## Data records:

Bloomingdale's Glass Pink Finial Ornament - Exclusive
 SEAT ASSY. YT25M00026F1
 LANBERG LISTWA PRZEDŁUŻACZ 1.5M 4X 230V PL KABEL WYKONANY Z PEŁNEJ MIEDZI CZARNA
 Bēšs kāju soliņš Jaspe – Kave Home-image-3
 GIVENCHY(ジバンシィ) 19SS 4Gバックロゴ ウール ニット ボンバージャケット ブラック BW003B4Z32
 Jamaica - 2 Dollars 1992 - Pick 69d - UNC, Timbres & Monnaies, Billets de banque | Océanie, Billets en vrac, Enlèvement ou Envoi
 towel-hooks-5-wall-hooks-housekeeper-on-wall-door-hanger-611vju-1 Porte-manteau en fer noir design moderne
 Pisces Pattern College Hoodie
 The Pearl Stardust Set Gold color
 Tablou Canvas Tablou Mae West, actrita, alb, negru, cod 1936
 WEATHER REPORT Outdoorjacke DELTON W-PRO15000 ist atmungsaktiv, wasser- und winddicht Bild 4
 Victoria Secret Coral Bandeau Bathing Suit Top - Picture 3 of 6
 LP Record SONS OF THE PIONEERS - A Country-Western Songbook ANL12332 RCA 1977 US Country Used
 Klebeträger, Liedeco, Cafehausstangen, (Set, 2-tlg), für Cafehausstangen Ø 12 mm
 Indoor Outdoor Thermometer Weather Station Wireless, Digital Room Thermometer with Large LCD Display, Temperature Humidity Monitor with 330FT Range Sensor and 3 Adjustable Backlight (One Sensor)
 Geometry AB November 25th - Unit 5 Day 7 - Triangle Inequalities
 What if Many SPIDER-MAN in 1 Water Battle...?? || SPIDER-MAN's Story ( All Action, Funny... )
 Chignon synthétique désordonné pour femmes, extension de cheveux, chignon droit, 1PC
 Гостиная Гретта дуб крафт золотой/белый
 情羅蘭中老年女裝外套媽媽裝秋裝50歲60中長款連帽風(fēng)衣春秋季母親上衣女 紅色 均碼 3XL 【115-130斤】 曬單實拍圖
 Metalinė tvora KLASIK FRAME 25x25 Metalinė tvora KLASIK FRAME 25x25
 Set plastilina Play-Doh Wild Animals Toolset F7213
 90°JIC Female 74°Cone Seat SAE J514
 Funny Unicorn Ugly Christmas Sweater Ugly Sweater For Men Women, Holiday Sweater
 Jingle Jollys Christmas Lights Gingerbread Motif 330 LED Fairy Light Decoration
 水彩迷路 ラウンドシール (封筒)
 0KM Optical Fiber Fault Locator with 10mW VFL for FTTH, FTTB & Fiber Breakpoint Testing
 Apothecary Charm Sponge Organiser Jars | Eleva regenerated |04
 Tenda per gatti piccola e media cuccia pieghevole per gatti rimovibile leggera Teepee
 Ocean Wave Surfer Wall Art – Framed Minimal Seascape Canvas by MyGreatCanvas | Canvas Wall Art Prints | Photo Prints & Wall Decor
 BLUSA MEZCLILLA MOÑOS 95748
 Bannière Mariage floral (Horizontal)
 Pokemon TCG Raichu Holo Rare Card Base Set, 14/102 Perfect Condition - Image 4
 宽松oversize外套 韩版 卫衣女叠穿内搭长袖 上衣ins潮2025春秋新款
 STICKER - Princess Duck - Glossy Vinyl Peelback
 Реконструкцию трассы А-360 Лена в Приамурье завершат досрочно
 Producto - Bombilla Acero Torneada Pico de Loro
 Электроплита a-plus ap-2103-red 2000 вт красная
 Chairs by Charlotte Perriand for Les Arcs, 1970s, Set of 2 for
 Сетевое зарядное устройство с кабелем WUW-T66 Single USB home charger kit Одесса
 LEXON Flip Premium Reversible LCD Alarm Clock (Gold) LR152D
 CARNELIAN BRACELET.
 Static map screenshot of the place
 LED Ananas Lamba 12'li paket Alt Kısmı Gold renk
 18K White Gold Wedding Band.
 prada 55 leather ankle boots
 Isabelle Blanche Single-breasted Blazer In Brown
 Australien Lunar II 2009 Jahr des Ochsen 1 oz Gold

## Problem description:
Reproduce the listing shown above in its entirety, exactly.

## Task output:
Bloomingdale's Glass Pink Finial Ornament - Exclusive
 SEAT ASSY. YT25M00026F1
 LANBERG LISTWA PRZEDŁUŻACZ 1.5M 4X 230V PL KABEL WYKONANY Z PEŁNEJ MIEDZI CZARNA
 Bēšs kāju soliņš Jaspe – Kave Home-image-3
 GIVENCHY(ジバンシィ) 19SS 4Gバックロゴ ウール ニット ボンバージャケット ブラック BW003B4Z32
 Jamaica - 2 Dollars 1992 - Pick 69d - UNC, Timbres & Monnaies, Billets de banque | Océanie, Billets en vrac, Enlèvement ou Envoi
 towel-hooks-5-wall-hooks-housekeeper-on-wall-door-hanger-611vju-1 Porte-manteau en fer noir design moderne
 Pisces Pattern College Hoodie
 The Pearl Stardust Set Gold color
 Tablou Canvas Tablou Mae West, actrita, alb, negru, cod 1936
 WEATHER REPORT Outdoorjacke DELTON W-PRO15000 ist atmungsaktiv, wasser- und winddicht Bild 4
 Victoria Secret Coral Bandeau Bathing Suit Top - Picture 3 of 6
 LP Record SONS OF THE PIONEERS - A Country-Western Songbook ANL12332 RCA 1977 US Country Used
 Klebeträger, Liedeco, Cafehausstangen, (Set, 2-tlg), für Cafehausstangen Ø 12 mm
 Indoor Outdoor Thermometer Weather Station Wireless, Digital Room Thermometer with Large LCD Display, Temperature Humidity Monitor with 330FT Range Sensor and 3 Adjustable Backlight (One Sensor)
 Geometry AB November 25th - Unit 5 Day 7 - Triangle Inequalities
 What if Many SPIDER-MAN in 1 Water Battle...?? || SPIDER-MAN's Story ( All Action, Funny... )
 Chignon synthétique désordonné pour femmes, extension de cheveux, chignon droit, 1PC
 Гостиная Гретта дуб крафт золотой/белый
 情羅蘭中老年女裝外套媽媽裝秋裝50歲60中長款連帽風(fēng)衣春秋季母親上衣女 紅色 均碼 3XL 【115-130斤】 曬單實拍圖
 Metalinė tvora KLASIK FRAME 25x25 Metalinė tvora KLASIK FRAME 25x25
 Set plastilina Play-Doh Wild Animals Toolset F7213
 90°JIC Female 74°Cone Seat SAE J514
 Funny Unicorn Ugly Christmas Sweater Ugly Sweater For Men Women, Holiday Sweater
 Jingle Jollys Christmas Lights Gingerbread Motif 330 LED Fairy Light Decoration
 水彩迷路 ラウンドシール (封筒)
 0KM Optical Fiber Fault Locator with 10mW VFL for FTTH, FTTB & Fiber Breakpoint Testing
 Apothecary Charm Sponge Organiser Jars | Eleva regenerated |04
 Tenda per gatti piccola e media cuccia pieghevole per gatti rimovibile leggera Teepee
 Ocean Wave Surfer Wall Art – Framed Minimal Seascape Canvas by MyGreatCanvas | Canvas Wall Art Prints | Photo Prints & Wall Decor
 BLUSA MEZCLILLA MOÑOS 95748
 Bannière Mariage floral (Horizontal)
 Pokemon TCG Raichu Holo Rare Card Base Set, 14/102 Perfect Condition - Image 4
 宽松oversize外套 韩版 卫衣女叠穿内搭长袖 上衣ins潮2025春秋新款
 STICKER - Princess Duck - Glossy Vinyl Peelback
 Реконструкцию трассы А-360 Лена в Приамурье завершат досрочно
 Producto - Bombilla Acero Torneada Pico de Loro
 Электроплита a-plus ap-2103-red 2000 вт красная
 Chairs by Charlotte Perriand for Les Arcs, 1970s, Set of 2 for
 Сетевое зарядное устройство с кабелем WUW-T66 Single USB home charger kit Одесса
 LEXON Flip Premium Reversible LCD Alarm Clock (Gold) LR152D
 CARNELIAN BRACELET.
 Static map screenshot of the place
 LED Ananas Lamba 12'li paket Alt Kısmı Gold renk
 18K White Gold Wedding Band.
 prada 55 leather ankle boots
 Isabelle Blanche Single-breasted Blazer In Brown
 Australien Lunar II 2009 Jahr des Ochsen 1 oz Gold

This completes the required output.